Le gouvernement américain soutient le "grand marchandage" proposé par le président sud-coréen Lee Myung-bak, des incitations économiques et politiques pour la Corée du Nord, notamment des garanties de sécurité, en échange du démantèlement de son programme nucléaire en une seule phase au lieu de plusieurs étapes. La RPDC a qualifié la proposition sud-coréenne de "bêtise" et "ridicule", accusant Lee Myung-bak de chercher à "s'interposer dans la question nucléaire" qui concerne au premier chef Pyongyang et Washington, comme rappelé le 28 septembre par Pak Gil-yon, vice-ministre des Affaires étrangères de RPDC. S'exprimant devant la 64eme Assemblée générale de l'Organisation des Nations Unies, le vice-ministre nord-coréen a une nouvelle fois exposé la doctrine de son pays qui entend être une puissance nucléaire "responsable". Il a ainsi déclaré que tant que les Etats-Unis ne changeront pas leur politique nucléaire, la RPDC n'aura "pas d'autre option que de s'appuyer sur [des] moyens nucléaires fiables pour assurer l'équilibre nucléaire dans la région [de l'Asie du Nord-Est]." Pour la partie nord-coréenne, la question nucléaire est à régler avec les Etats-Unis qui doivent d'abord renoncer à leur attitude de confrontation. "Nous ne participons pas à une course aux armements nucléaires", a encore déclaré Pak Gil-yon. "Notre arsenal nucléaire a pour mission d'empêcher une guerre."
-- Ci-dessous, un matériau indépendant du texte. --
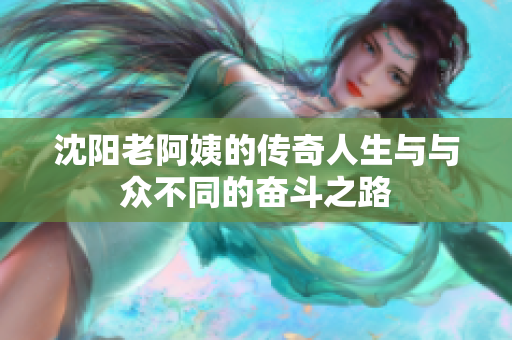 沈阳老阿姨的传奇人生与与众不同的奋斗之路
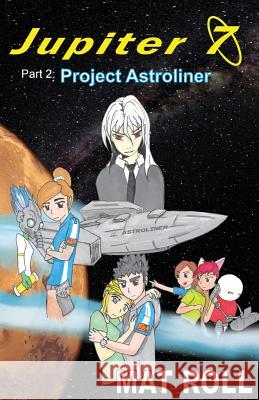 Jupiter 7: Project Astroliner MR Mat Roll 9780692796115 Mat Roll - książka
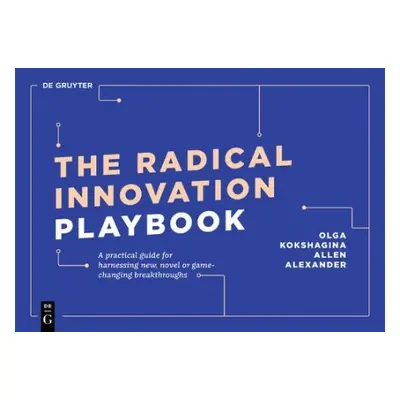 Radical Innovation Playbook - Kokshagina, Olga a Alexander, Allen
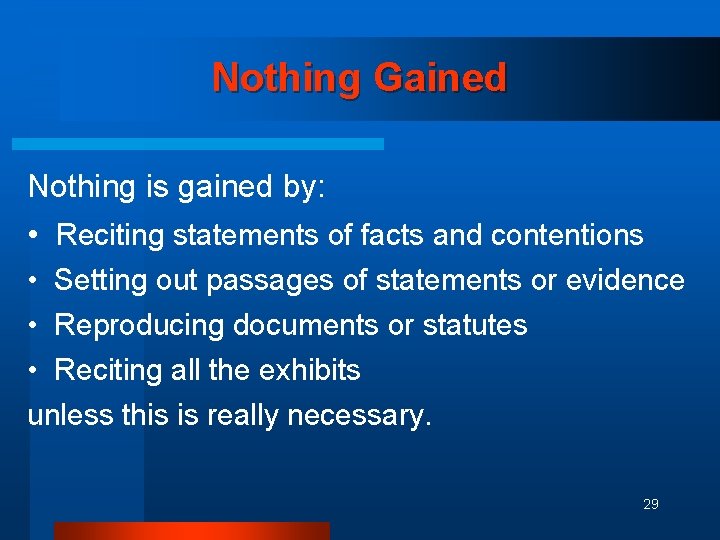 Nothing Gained Nothing is gained by: • Reciting statements of facts and contentions •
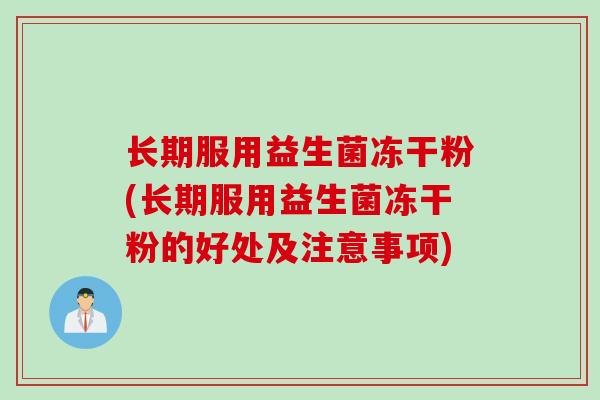 长期服用益生菌冻干粉(长期服用益生菌冻干粉的好处及注意事项)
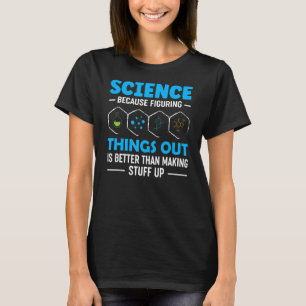 T-shirt La science parce qu'il faut comprendre les choses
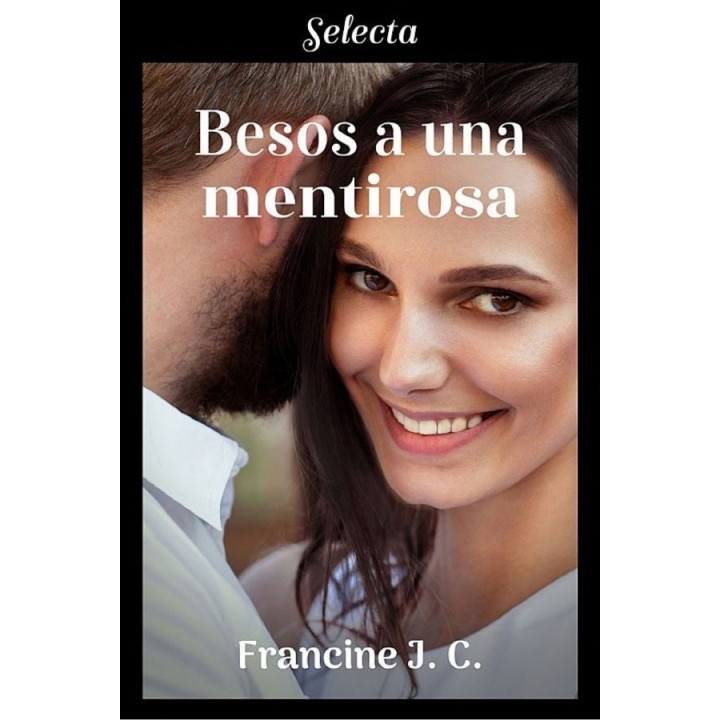 Besos a una mentirosa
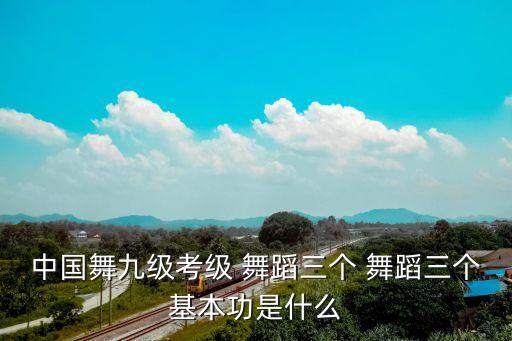 中国舞九级考级 舞蹈三个 舞蹈三个基本功是什么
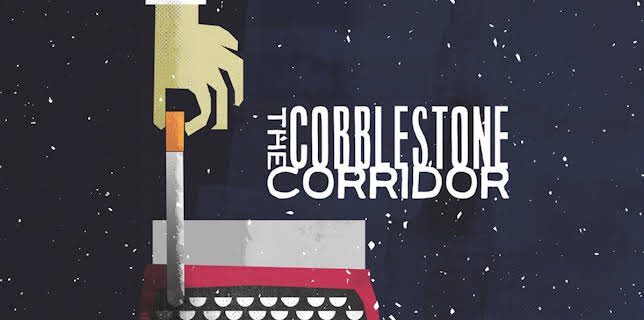 The Cobblestone Corridor (2015)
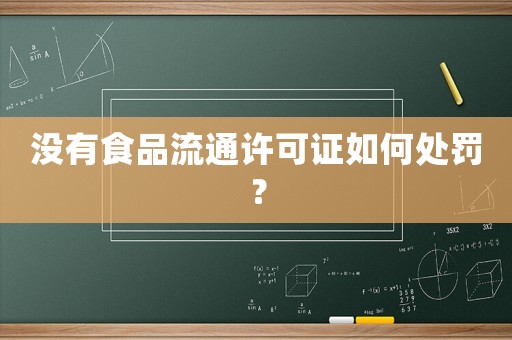 沒有食品流通許可證如何處罰？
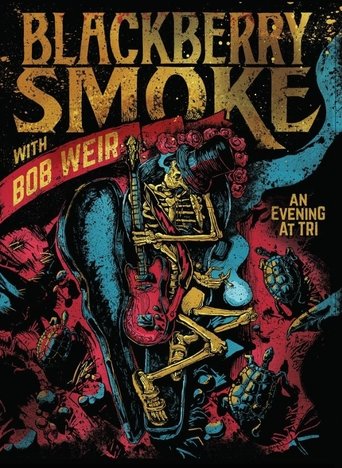 Blackberry Smoke with Bob Weir: An Evening at TRI Poster of Blackberry Smoke with Bob Weir: An Evening at TRI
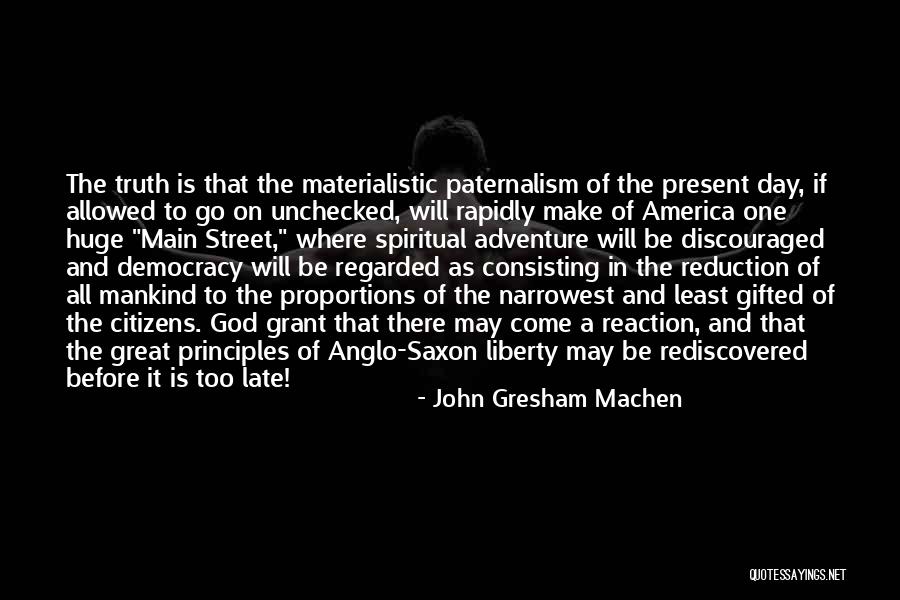 Spiritual Principles Quotes By John Gresham Machen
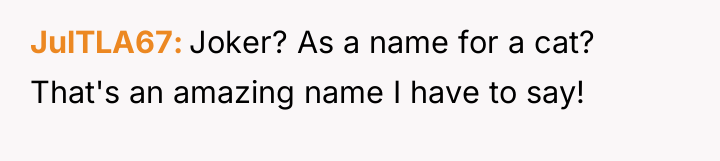 JulTLA67 Joker? As a name for a cat? That's an...
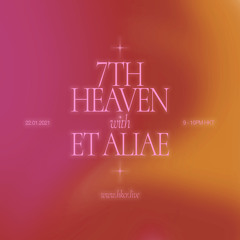 7th Heaven w/ et aliae - 22/01/2021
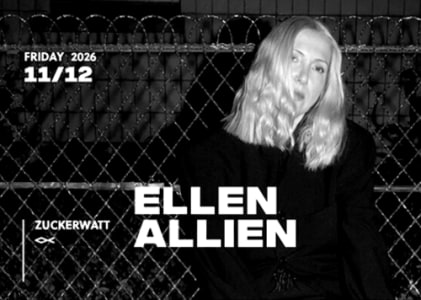 11/12 ZUCKERWATT w/ ELLEN ALLIEN - Fri, Dec 11, 2026, 23:00 at Grelle Forelle, Spittelauer Lände 12, 1090 Wien, Österreich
Mais le plus irrité par la visite de Wen Jiabao en RPDC a été le gouvernement sud-coréen. Séoul est très agacé d’être mis à l’écart des négociations sur le nucléaire nord-coréen. Le gouvernement conservateur du président Lee Myung-bak est ainsi pris à son propre piège puisqu'il a décidé, depuis son arrivée au pouvoir en février 2008, de ne plus respecter la lettre et l'esprit des déclarations Nord-Sud du 15 juin 2000 et du 4 octobre 2007, réduisant au maximum les contacts avec le Nord, supprimant notamment la coopération humanitaire et économique avec la RPDC tant que celle-ci n’aura pas renoncé à ses programmes nucléaires. Or, la question du nucléaire n'est pas évoquée dans les déclarations Nord-Sud de 2000 et 2007.
Le gouvernement sud-coréen s'indigne aussi des accords de coopération signés pendant la visite du Premier ministre chinois. Les accords sino-coréens rendus publics portent sur plus de 200 millions de dollars. Ils concernent l'assistance économique, le soutien aux secteurs de l'éducation et des technologies, des accords touristiques ou encore la construction d'un nouveau pont sur le fleuve Amnok (en chinois, Yalu) séparant la Chine et la Corée. Des experts chinois estiment que Pékin fournira du pétrole brut et des produits alimentaires pour une valeur d'au moins 50 millions de dollars. Proposée par la Chine, la construction d'un nouveau pont sur le fleuve Amnok/Yalu permettra de développer une zone économique spéciale autour de la ville frontalière nord-coréenne de Sinuiju et facilitera les échanges entre la RPDC et la Chine, lesquels s'élèvent à 2,7 milliards de dollars par an.
La Chine a aussi promis une assistance militaire à la RPDC avec laquelle la lie déjà un accord de défense mutuel depuis 1961. La visite du Premier ministre Wen dans le cimetière de Hoechang, en rappelant l'engagement de 2,4 millions soldats chinois aux côtés des Coréens du Nord entre 1950 et 1953, pourrait signifier la volonté de la Chine d'assister militairement la RPDC en cas de crise dans la péninsule coréenne.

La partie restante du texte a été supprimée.